Brady’s second throw of the game was a 23-yard dart to Cooks that ultimately gained 31 yards. He hit Gronkowski with a perfectly flighted 30-yard pass down the right sideline soon after, but his tight end couldn’t make a difficult play. His best throw of the day came during the fourth quarter. It was a flea-flicker to Philip Dorsett. Flea-flicker throws typically go to wide open receivers because of how aggressive the play fake is. This one didn’t.

The first option on the play was the deeper route downfield. That as covered so Brady had to come to the backside of the play for Dorsett. He was actually a tad late to get to his receiver, a rare thing for Brady, but was able to throw a touch pass that cleared the linebacker 24 yards downfield.

When you have a quarterback with a high acumen and an ability to manipulate/anticipate throwing windows, getting him to turn his back to the defense is typically not a good idea. Brady hasn’t been a quarterback who is suited to hard play fakes. The Patriots have never relied on hard play fakes with him as the primary option on offense. Why take his eyes away from the coverage?

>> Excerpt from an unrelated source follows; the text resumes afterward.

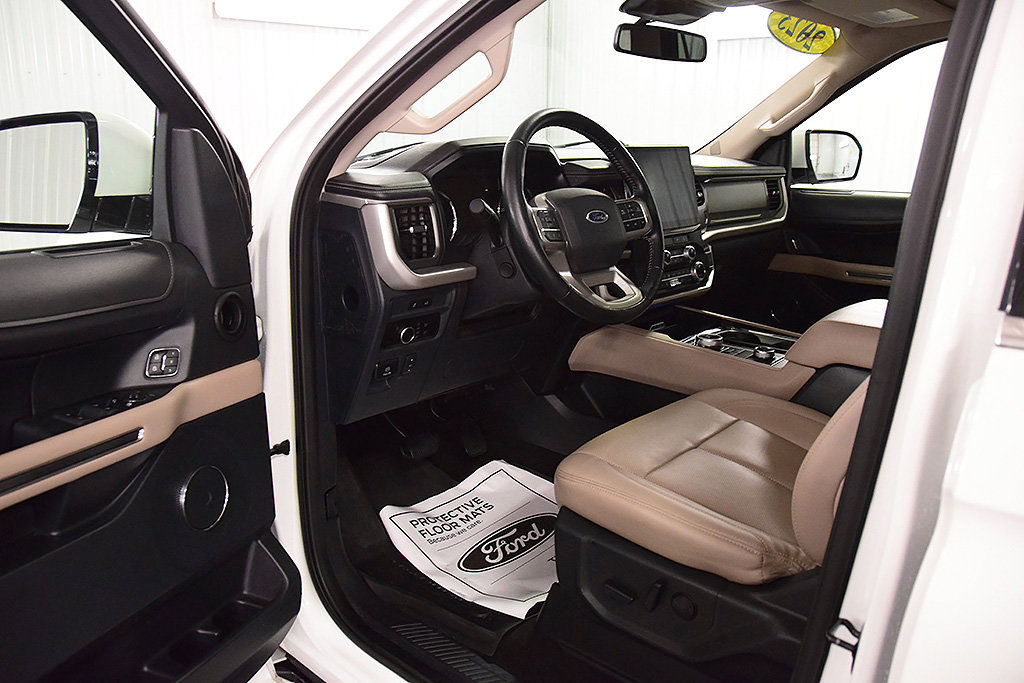 Used 2023 Ford Expedition XLT AWD/4WD image 17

In 2016, Brady used play action on 12.54 percent of his attempts. 16 quarterbacks used play action more often but only nine quarterbacks gained a higher percentage of their yards on play action plays. That is because the Patriots largely only used play action for shot plays downfield. Those designs caught defenses off guard and cleared out space for Brady to lay the ball into.

So far in 2017, their receivers’ reliance on vertical routes has forced the Patriots to be a more aggressive play action team. 21.28 percent of Brady’s dropbacks have used play action this season.

Using hard play fakes puts a greater onus on the quarterback’s accuracy and arm strength rather than his touch or anticipation. The Patriots rarely ask Brady to leave the pocket on play fakes, they have exclusively done so on goalline plays so far this season and only three times in total. That is because the Patriots aren’t trying to half the field for Brady and they’re not trying to get him to throw the ball while on the move. They are prioritizing the mental/technical elements of his skill set over the physical.

When the Patriots don’t ask Brady to execute a play fake he can still manipulate the coverage and throw receivers open on deeper throws like he does on short and intermediate routes.

In the above play the Patriots are facing a Third-and-18. Brady gets good protection against a four-man rush but moves laterally in the pocket when there is no obvious need to. He keeps his eyes to the left but turns and squares to the middle of the field at the last moment before releasing the ball. What Brady has done here is manipulate the linebacker reading his eyes over the middle of the field to create a wide throwing lane.

Brady’s pass arrives low but that ultimately protects it from the safety coming over the top of his intended receiver.

Performing that well against the Jaguars defense is a major achievement. The Jaguars have a significantly better secondary than the Philadelphia Eagles but the Eagles should be able to get more consistent pressure than the Jaguars did. How Brady handles that trade-off will determine how much success he can have throwing the ball downfield in the Super Bowl.

The Super Bowl will determine how memorable this season ultimately is for Brady but even at this point this should go down as one of the best seasons of his career. He’s a quarterback who has often been over-celebrated for overcoming bad situations that weren’t actually bad. This situation isn’t bad either but it’s not an ideal fit for him. He still has weapons and he still has good pass protection, he’s going to need Danny Amendola, James White and Dion Lewis to combine to fill Edelman’s role if the Patriots offensive line can’t give him time to work the ball vertically.

Even with Nick Foles, the Eagles are by far the best team the Patriots have faced this season. Brady can’t afford to struggle for 3.5 quarters like he did 12 months ago.